Input for this task —

_ _ _ _

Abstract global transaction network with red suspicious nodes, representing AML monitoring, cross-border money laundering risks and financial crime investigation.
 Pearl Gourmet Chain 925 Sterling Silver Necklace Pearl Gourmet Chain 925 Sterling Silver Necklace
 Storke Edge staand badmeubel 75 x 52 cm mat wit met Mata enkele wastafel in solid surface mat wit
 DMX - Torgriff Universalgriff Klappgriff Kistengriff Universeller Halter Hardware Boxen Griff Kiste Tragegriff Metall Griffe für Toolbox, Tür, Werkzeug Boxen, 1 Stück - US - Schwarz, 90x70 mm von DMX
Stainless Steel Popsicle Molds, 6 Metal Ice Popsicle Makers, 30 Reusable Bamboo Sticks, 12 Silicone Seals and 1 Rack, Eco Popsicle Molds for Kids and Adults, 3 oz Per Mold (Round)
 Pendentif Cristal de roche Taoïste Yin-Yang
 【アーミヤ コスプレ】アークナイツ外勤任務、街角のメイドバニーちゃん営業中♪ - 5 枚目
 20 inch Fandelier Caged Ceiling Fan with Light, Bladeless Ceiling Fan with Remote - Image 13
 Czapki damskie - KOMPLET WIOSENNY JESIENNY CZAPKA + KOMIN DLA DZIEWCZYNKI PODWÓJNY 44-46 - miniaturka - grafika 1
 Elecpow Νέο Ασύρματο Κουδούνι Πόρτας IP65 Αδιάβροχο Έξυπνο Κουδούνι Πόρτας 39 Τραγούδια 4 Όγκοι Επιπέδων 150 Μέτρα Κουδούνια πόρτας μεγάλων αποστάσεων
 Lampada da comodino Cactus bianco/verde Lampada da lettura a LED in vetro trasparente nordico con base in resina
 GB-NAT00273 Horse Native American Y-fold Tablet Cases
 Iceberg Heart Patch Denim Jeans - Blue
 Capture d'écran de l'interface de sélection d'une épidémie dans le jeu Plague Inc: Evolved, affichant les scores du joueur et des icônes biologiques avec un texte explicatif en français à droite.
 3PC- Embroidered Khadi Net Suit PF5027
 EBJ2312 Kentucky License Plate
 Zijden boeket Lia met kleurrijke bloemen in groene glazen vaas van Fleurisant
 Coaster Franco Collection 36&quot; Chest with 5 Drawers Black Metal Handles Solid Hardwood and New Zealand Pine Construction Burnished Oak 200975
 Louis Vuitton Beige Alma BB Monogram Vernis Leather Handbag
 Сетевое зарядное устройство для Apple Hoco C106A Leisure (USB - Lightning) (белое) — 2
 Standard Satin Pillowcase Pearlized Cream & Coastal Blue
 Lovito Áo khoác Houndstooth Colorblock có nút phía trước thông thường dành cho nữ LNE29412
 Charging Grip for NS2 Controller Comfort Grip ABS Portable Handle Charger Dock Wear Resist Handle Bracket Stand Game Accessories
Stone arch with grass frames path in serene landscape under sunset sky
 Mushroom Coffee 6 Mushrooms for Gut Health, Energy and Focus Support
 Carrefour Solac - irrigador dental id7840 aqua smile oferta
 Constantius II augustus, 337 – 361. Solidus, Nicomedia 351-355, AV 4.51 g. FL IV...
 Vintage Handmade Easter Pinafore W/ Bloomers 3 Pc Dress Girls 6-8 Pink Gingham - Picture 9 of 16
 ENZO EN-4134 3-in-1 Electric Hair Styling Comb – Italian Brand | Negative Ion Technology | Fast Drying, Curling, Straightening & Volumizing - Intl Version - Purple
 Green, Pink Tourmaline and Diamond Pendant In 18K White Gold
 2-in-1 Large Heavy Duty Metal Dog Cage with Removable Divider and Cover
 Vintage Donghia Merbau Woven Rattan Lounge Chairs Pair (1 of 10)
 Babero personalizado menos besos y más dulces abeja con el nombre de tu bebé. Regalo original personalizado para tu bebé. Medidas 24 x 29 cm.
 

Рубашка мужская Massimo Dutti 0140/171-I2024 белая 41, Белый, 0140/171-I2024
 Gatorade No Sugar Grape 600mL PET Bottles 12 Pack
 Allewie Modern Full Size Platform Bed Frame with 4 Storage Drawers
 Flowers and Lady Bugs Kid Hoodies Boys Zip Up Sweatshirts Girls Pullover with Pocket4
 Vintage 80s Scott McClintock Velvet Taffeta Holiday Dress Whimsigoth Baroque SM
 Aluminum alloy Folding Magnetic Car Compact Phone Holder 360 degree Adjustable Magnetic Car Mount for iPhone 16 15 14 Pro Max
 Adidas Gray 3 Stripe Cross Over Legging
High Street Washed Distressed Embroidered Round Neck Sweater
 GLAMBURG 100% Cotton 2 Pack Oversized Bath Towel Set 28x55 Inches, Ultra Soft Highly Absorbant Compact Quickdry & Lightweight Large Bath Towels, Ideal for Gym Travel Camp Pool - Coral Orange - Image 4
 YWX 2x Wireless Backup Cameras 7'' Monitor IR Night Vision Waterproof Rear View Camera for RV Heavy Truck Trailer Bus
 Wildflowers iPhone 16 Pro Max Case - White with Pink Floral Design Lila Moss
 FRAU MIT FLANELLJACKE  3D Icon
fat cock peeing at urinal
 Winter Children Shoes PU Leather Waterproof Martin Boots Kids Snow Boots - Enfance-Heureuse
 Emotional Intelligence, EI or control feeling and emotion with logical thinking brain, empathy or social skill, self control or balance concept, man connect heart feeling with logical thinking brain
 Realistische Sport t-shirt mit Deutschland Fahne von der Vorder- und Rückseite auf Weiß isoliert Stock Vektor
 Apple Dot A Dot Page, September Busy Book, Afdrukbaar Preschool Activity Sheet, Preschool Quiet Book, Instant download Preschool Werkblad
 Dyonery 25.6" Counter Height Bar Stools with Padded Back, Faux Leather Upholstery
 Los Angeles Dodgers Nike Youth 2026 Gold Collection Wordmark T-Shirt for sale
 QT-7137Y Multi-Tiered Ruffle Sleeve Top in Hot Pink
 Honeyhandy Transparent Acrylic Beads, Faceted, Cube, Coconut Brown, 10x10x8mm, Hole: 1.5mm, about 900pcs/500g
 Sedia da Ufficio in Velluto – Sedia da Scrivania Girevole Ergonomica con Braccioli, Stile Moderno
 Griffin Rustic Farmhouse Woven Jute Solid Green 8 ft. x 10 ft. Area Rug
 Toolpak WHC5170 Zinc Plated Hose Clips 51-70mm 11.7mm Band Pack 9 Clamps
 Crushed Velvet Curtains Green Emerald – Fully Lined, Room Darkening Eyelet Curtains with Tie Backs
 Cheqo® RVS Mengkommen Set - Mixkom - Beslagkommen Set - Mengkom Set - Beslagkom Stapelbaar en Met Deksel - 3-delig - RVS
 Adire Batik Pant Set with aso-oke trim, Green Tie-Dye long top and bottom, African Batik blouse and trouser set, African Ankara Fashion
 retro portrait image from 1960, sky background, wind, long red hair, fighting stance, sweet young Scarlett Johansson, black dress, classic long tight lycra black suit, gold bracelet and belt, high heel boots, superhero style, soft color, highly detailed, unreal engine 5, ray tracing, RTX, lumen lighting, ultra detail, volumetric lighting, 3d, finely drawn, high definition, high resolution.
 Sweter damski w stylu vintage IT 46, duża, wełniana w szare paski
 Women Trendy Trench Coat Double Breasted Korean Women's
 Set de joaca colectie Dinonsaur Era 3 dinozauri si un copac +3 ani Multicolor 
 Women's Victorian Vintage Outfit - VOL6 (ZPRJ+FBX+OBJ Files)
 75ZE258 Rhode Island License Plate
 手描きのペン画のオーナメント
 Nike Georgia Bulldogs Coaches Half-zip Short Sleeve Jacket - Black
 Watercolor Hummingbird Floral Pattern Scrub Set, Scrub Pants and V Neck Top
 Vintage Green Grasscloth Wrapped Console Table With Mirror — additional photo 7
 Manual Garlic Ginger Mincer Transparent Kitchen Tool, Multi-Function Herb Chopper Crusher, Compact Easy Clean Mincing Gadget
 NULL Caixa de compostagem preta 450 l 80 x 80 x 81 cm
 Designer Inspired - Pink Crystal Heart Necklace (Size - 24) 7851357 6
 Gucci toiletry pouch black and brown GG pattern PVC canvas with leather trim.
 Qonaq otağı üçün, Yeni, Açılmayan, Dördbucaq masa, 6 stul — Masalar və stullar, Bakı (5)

_ _ _ _

Requirement —
Lines to set down from above: the line with "Stone arch with", the line with "Vintage Donghia Merbau", and every line between, each exactly as written.

Solved exercise —
Stone arch with grass frames path in serene landscape under sunset sky
 Mushroom Coffee 6 Mushrooms for Gut Health, Energy and Focus Support
 Carrefour Solac - irrigador dental id7840 aqua smile oferta
 Constantius II augustus, 337 – 361. Solidus, Nicomedia 351-355, AV 4.51 g. FL IV...
 Vintage Handmade Easter Pinafore W/ Bloomers 3 Pc Dress Girls 6-8 Pink Gingham - Picture 9 of 16
 ENZO EN-4134 3-in-1 Electric Hair Styling Comb – Italian Brand | Negative Ion Technology | Fast Drying, Curling, Straightening & Volumizing - Intl Version - Purple
 Green, Pink Tourmaline and Diamond Pendant In 18K White Gold
 2-in-1 Large Heavy Duty Metal Dog Cage with Removable Divider and Cover
 Vintage Donghia Merbau Woven Rattan Lounge Chairs Pair (1 of 10)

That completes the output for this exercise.